与一个地方有没有缘分,是看这个地方有没有我们在乎的人。我与龙湾是有点缘分的,小时候我住瑞安所坦街外婆家,常听母亲说起,在永嘉场自然街,有二舅舅一家人。后来才了解我想当然的自然街,其实叫寺前街,是很有历史底蕴的一条老街。三十公里不远,但当时交通不便,逢年过节才来往。二舅舅家就属于过年走动的范畴。母亲这一族和二舅舅的感情很好,她时常回忆他们的童年故事,令我耳熟能详。
当时亲眷之间,礼数很周到,年终节到相走,手里提一刀三层肉,五筒圆面,一对纸蓬包,有棱有角,上面按了一张红纸,用罗麻绳左右一牵,上下三翻扎起来,摇晃起来丁零当啷,里边可能是北枣头、金丝蜜枣、帽头顶饼干等等,还有一种温州人叫枇杷梗的干货,瑞安人把此物叫做参军枣儿,其实应该叫千金枣儿,嫁女儿时用的,老字号李大同有售,我从小爱琢磨,多年固执地认为是参军早三字,并且引申出来,给自己解释,是鼓励年轻人及早当兵的意思。
在当时这些东西对我们来说,都是垂涎欲滴的美味小吃,颇具诱惑力,只在过年时节才有口福吃到。所以年边我们便巴望二舅舅家开始走动。吃了参军早,我差一点就去当兵了,还是自己去镇人武部拿了登记表格。这是后话。二舅舅是我外婆那一支族兄弟的儿子,只有他们这一房早年搬迁到永嘉场。二舅舅看上去外表斯文,皮肤白晰,爱说爱笑,他是个对小孩子都尊重的人,说话时眼睛睁大,非常明亮,嘴里一颗银牙也闪闪发亮。二姆是个很虔诚的人,待人接物热情有加。

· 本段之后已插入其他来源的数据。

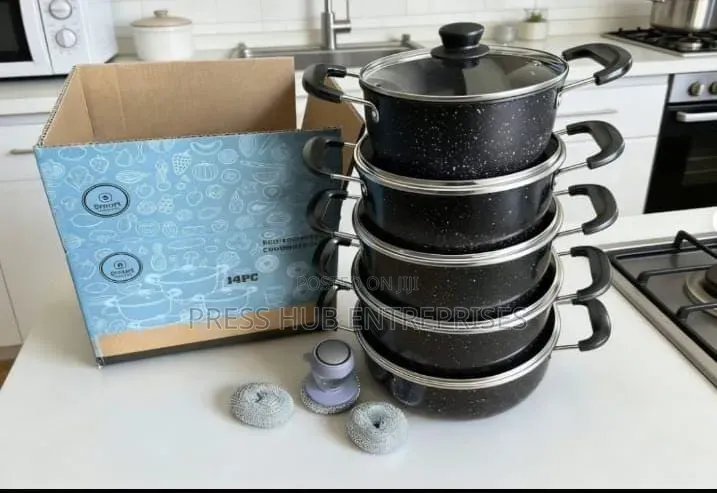 14-Piece Non-Stick Granite Cookware Set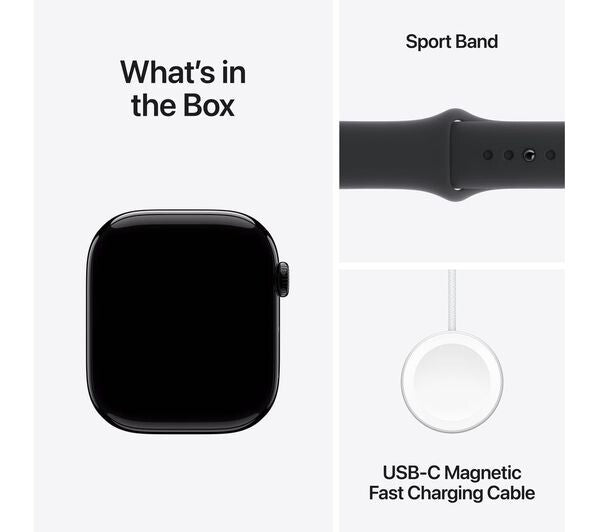 APPLE Watch Series 10 46 mm Jet Black Al Case with Black Sport Band, M/L GPS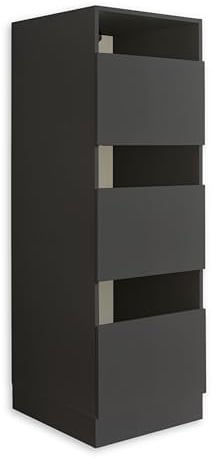 LAUNDREEZY Wäscheschrank für Schmutzwäsche, Anthrazit - Wäschesammler Schrank mit 3 Fächern für die Waschküche - 50 x 162 x 67,5 cm (B/H/T)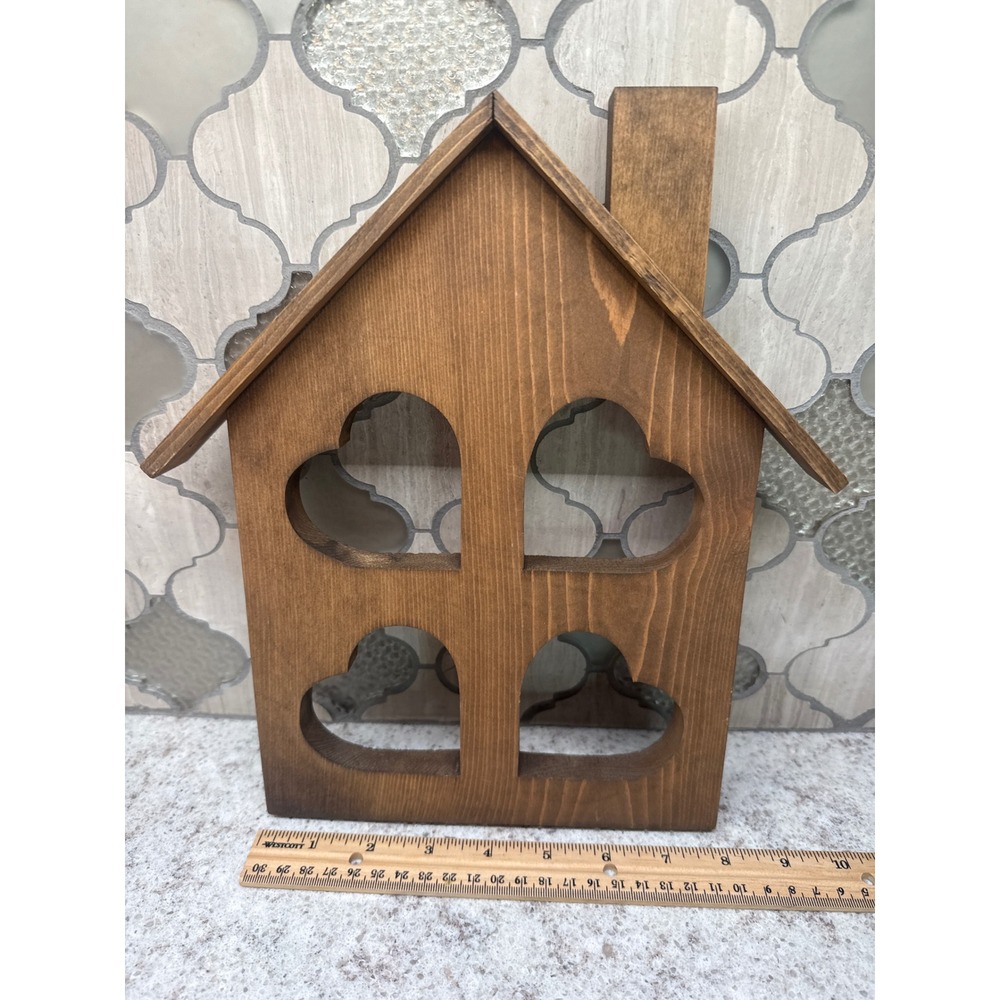 Vintage Rustic Wooden House Heart Cutout Wall Decor Farmhouse Cottage Brown
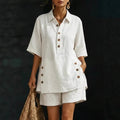 Short Sleeve Shirt plus Pants Two-Piece Set - Casual Loose Fit Summer Outfit Women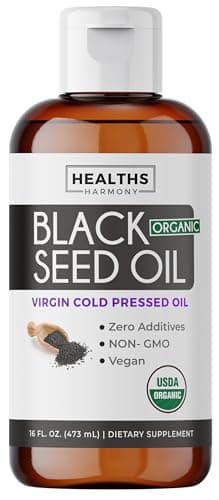USDA Organic Black Seed Oil Liquid (16 fl oz) Premium Cold-Pressed Nigella Sativa Producing Pure Black Cumin Seed Oil - Antioxidant Supplement - Vegan, Gluten-Free, & Non-GMO (No Pills or Capsules)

二舅舅把握着话语权,二姆基本上是看大家聊天,她看着二舅舅说啊笑的,眼里慢慢也溢满了笑意,悄悄离开,去了厨房烧菜。他们生活得很舒畅,儿子都有出息,他自己开了间酒味店儿,批发白鹿城啤酒等。虽然做了生意人,忙得不亦乐乎,二舅舅却特别喜欢写文章,在我去日报之前,就时常在报纸上看见他发的文章。后来得知我考到报社工作,他特地坐公共车赶到报社来看我,报社还租在军分区大楼,五个人一间办公室,比较拥挤,他瞄一眼抽身出来站到走廊窗边,说我就这样和你讲几句,你这个工作找得非常好,你一定要好好珍惜,要给父母家人争气。
我诺诺称是,回办公室给他泡茶,他客气地牵着我的袖子说不要,我讲几句就走的,我今天就是特地过来看看你,看了我就放心了。他摇曳着满头稍长的银针似的白发,动作敏捷,三步两步就迈到了楼梯口,回身张开两臂拦阻,说好好工作啊,我知道你是个很懂事的人。昏暗的走廊里,漏进来的一缕光线打在他的脸上,我看见他的眼睛特别明亮,至今印象深刻。天天朝九晚五,总觉得来日方长,没想到这是和二舅舅见的最后一面。
后来在编稿时也看见二舅舅寄来的征文参赛稿件,能发的尽量编发,但也没想去特殊照顾,二舅舅可能就是喜欢这种写作的乐趣。有次接到他的电话,说他的一个儿媳妇参加行业名次比赛,问我一些事情。难得二舅舅有事叫我帮忙,我跑前跑后劳动了一下。后来一直忙于奔波,就没怎么联系,有时会想起这位老人那位老人,总想着有空去看看,始终未能成行。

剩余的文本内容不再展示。